Remove Duplicates...

mallireddibalaji · Post by **mallireddibalaji** » Fri Apr 18, 2008 12:38 am

Hi guru's,

I want small clarification,
I want to remove the duplicates.
which one give better performance either DISTINCT clause in source query or Remove duplicates stage in our job.

Thanks in advance.....

GOPIK · Post by **GOPIK** » Fri Apr 18, 2008 12:56 am

Your souce system is Database or Flatfiles?
If it is Database Query will be faster in my experience

mallireddibalaji · Post by **mallireddibalaji** » Fri Apr 18, 2008 1:22 am

GOPIK wrote:Your souce system is Database or Flatfiles?
If it is Database Query will be faster in my experience

Thanks GOPIK,

MY source system is Database.
we are doing the performance tuning of jobs.But before 6 months back somebody tuned the jobs. They are replaced the DISTINCT clause in query by Remove Duplicate stage.
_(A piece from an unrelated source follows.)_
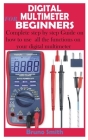 Digital Multimeter for Beginners: Complete step by step Guide on how to use all the functions on your digital multimeter By Bruno Smith Cover Image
ray.wurlod · Post by **ray.wurlod** » Fri Apr 18, 2008 4:00 am

Is the key (set of one or more columns) that identifies duplicates supported by an index in the database? If so, DISTINCT may be quicker.

On the other hand, partitioned data may mean that finish time is faster because each node is only looking after 1/N of the rows (on average).

jhmckeever · Post by **jhmckeever** » Sun Apr 20, 2008 7:48 pm

A couple of other factors which *might* influence your decision are:

1. Is the source table partitioned on the relevant keys?
2. What percentage of rows are duplicates? (or are anticipated to be duplicates in the production data)

As ever, the 'true' answer will come from trying both with realistic data and comparing results!

J

Minhajuddin · Post by **Minhajuddin** » Mon Apr 21, 2008 12:03 pm

A DISTINCT would be a better option if the speed at which data gets read from your DB is slow.

If the speed of data transfer from your DB to your DS Server is fast enough, then a Remove Duplicates would be a better choice.

kumar_s · Post by **kumar_s** » Mon Apr 21, 2008 1:06 pm

Minhajuddin wrote:A DISTINCT would be a better option if the speed at which data gets read from your DB is slow.

If the speed of data transfer from your DB to your DS Server is fast enough, then a Remove Duplicates would be a better choice.

I believe, he is insisting up on the point that, if you included the Distinct and if that reduces / rejects lot of records, the Data transfer between DB and DS will be less. Thus this factor considering the Data movement over networking.